Vietnamese Spring Rolls are non-cooked spring rolls that are super healthy and great snacks to have. They are visually appealing snacks but pretty much plain on its own. The flavour relies on the freshness of ingredients and it needs an awesome dip to make it amazing. So don’t short cut the dip and you can use any fresh Asian herbs and veggies to make up the roll. And please be gentle with the wrappers, you don’t wanna end up with a pile of disaster.
Fresh ingredients makes a world of difference
Serves 6 people
Work fast but gently to prevent tears on rice paper.
12 prawns, boiled, de-shelled, and halved
1 packet Vietnamese rice paper
Thai basil leaves
Mee Hoon, boiled and cooled
Garlic & Lime Sauce
2 chilli padi, chopped (1 red 1 green)
2 garlic, finely chopped
3 tbsp. lime juice
¼ cup sugar
¼ cup fish sauce
½ cup warm water
1. Mix all ingredients for dipping sauce and set it aside to let the flavours bind.
2. Get all the ingredients ready. Wash and pick all the leaves so it will easier to roll later. Blanch prawns in boiling water for 2 minutes and dip them in cold water to cool it down.

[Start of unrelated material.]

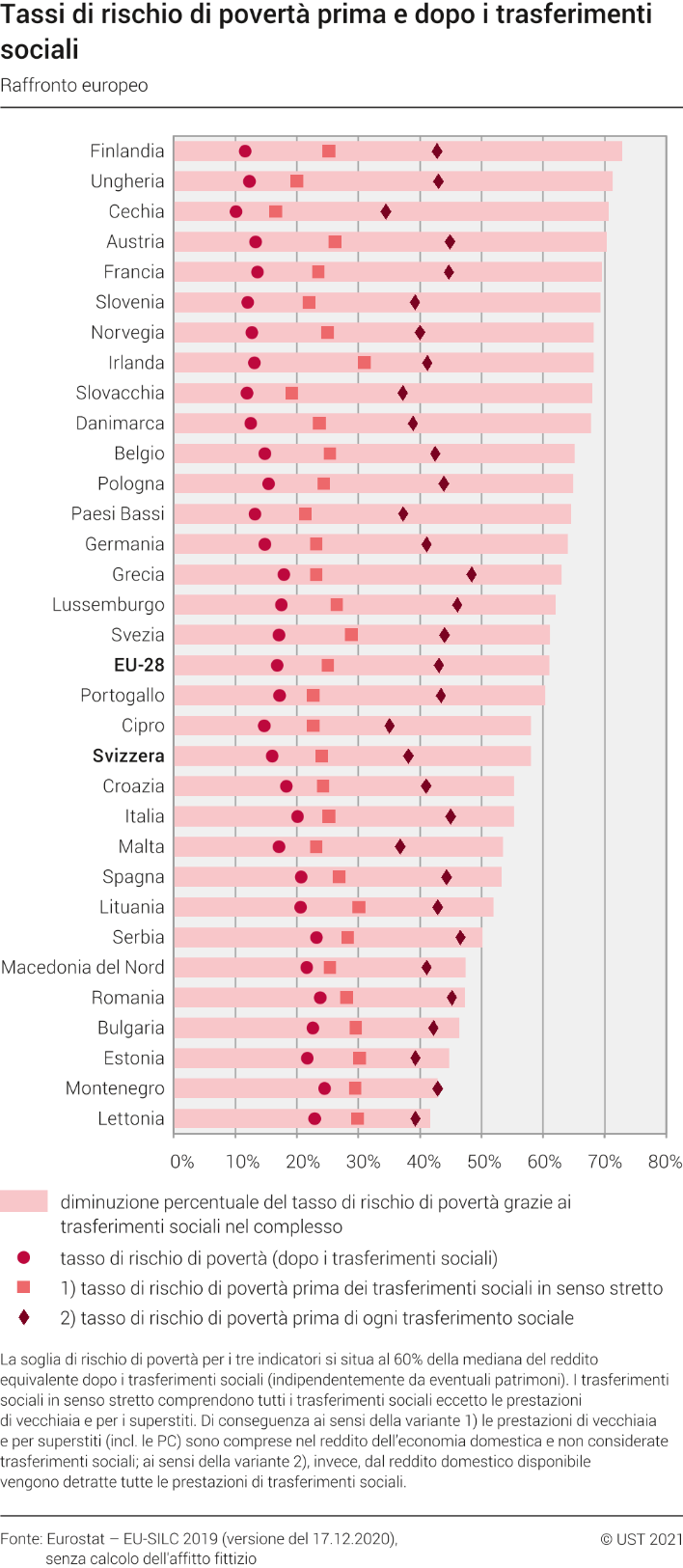 Tassi di rischio di povertà prima e dopo i trasferimenti sociali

Once cooled, peel and halve the prawns
3. Take a piece of rice paper and quickly dip it in water. After a quick dip, it should still be quite stiff. It will soften as you start filling and rolling.
Don't soak it until completely soft because it will be very difficult to handle.
4. Place wet rice paper (still quite stiff) on clean surface and fill with fresh herbs first, followed by some cooked mee hoon.
I used some salad, Thai basil leaves and fresh mint. Don't put too much Thai basil because it will completely overpower the taste of everything else
5. Roll the herbs and place prawns last so you can see it through the wrappers.
Roll it up like a spring roll
6. Repeat step 3 and 4 until all ingredients or rice paper are used up.
7. Best eaten straight away with dipping sauce.